Combien d’enfants, de femmes et d’hommes sont morts noyés dimanche dans le naufrage de leur embarcation au large de la Libye ? 700, 800, 900 aux dires de certains survivants ? On ne le saura peut-être jamais, mais ce naufrage fait suite à d’autres tout autant effroyables et ce n’est pas le dernier.
Quand cette hécatombe cessera-t-elle ? Combien de Syriens, d’Érythréens, de Soudanais ou de Somaliens devront encore mourir aux portes de l’Europe avant que l’Union européenne daigne lever le petit doigt ?

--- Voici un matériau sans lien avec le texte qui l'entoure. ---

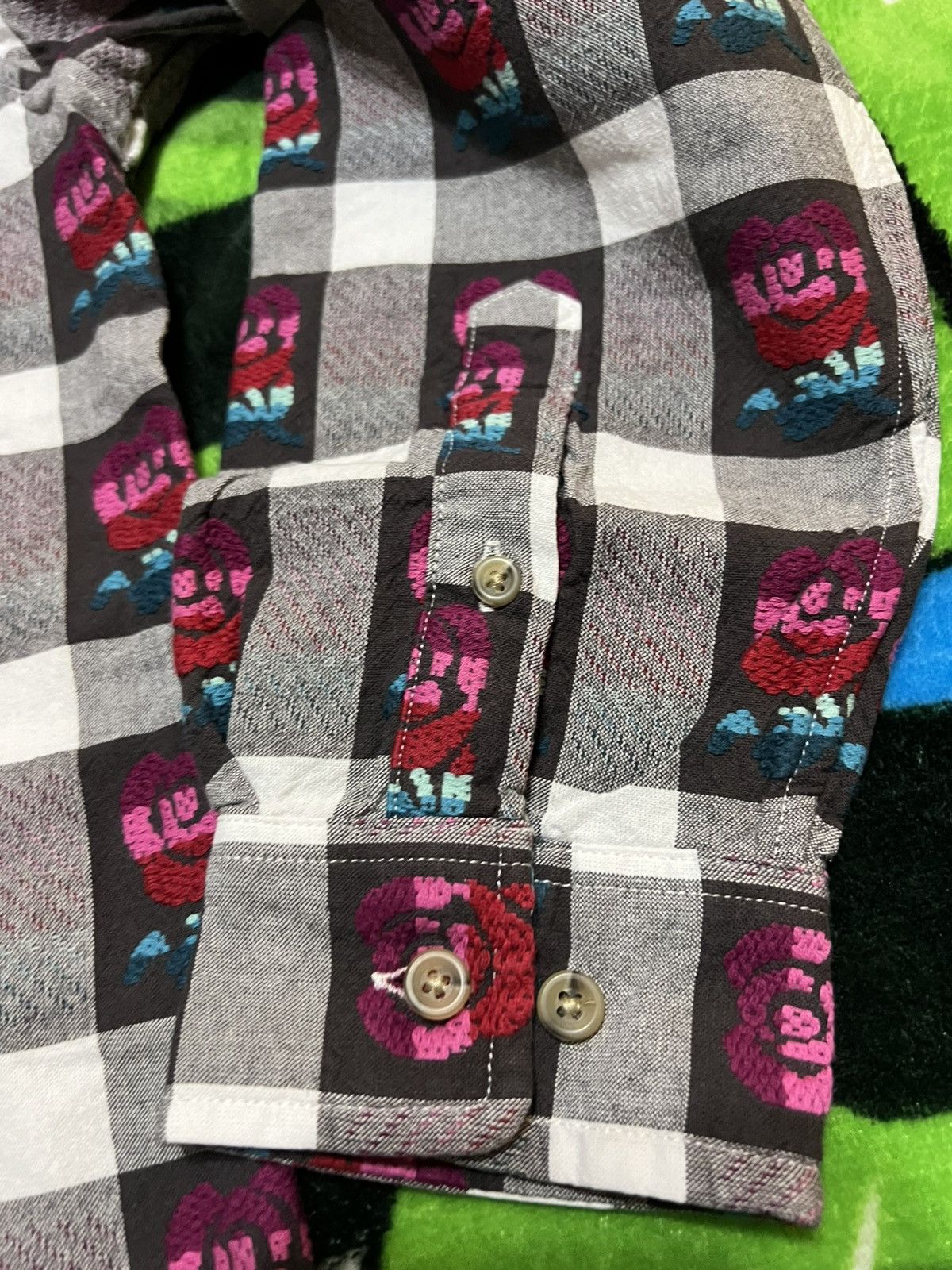 Supreme 🔥SS19 Supreme Buffalo Plaid Rose L/S BUTTON UP SMALL🔥 Size US S / EU 44-46 / 1 - 7 Thumbnail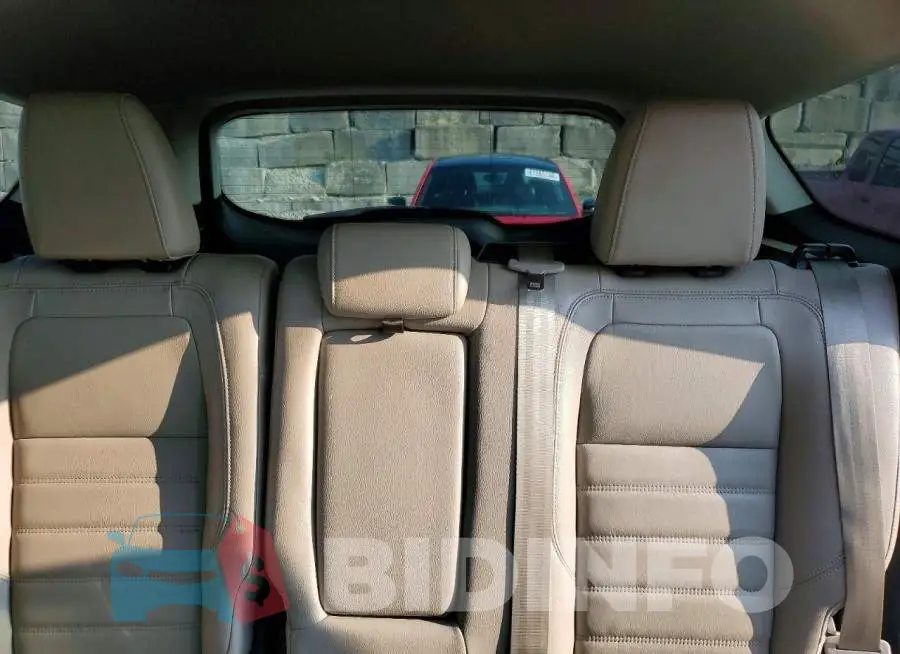 1FMCU0JD4HUD17850 Photo# 10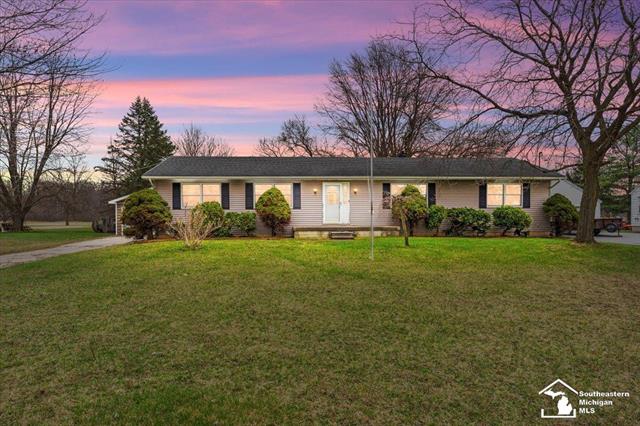 front view picture of 11706 Grafton Road, Carleton, MI. 48117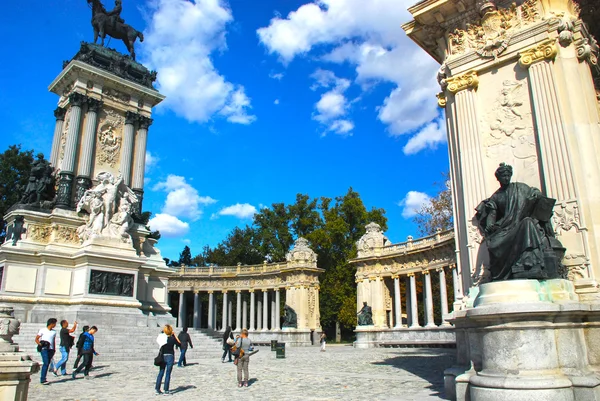 Monumento a Alfonso XII, Retiro, Madrid — Foto de Stock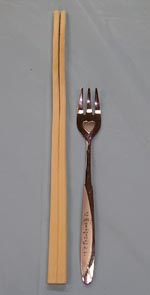 Chopsticks_and_fork.jpg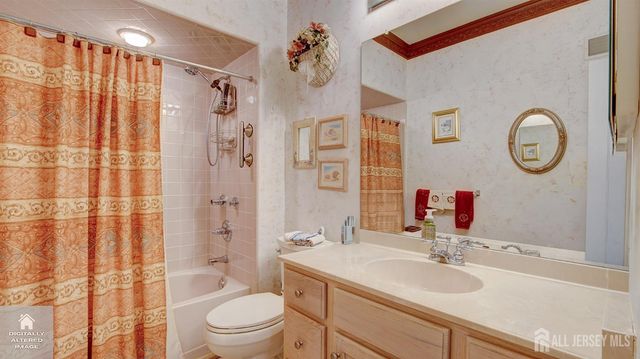 1 Kingston Court, Monroe, NJ 08831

Avec la multiplication des passeurs sur les côtes libyennes et l’afflux de migrants ces derniers mois, l’urgence de la situation était connue. Et qu’a fait l’Union européenne ? Elle a refusé de participer au financement du dispositif de sauvetage mis en place par l’Italie qui avait fait ses preuves en sauvant 150 000 vies.
En réduisant le nombre et la portée des patrouilles, les dirigeants de l’UE ont fait le choix de laisser mourir ceux qui tenteraient la traversée. C’est de la non-assistance à personne en danger. Les navires et les hélicoptères, qui ont été envoyés sur les lieux du drame mais après le naufrage, rajoutent à l’ignominie.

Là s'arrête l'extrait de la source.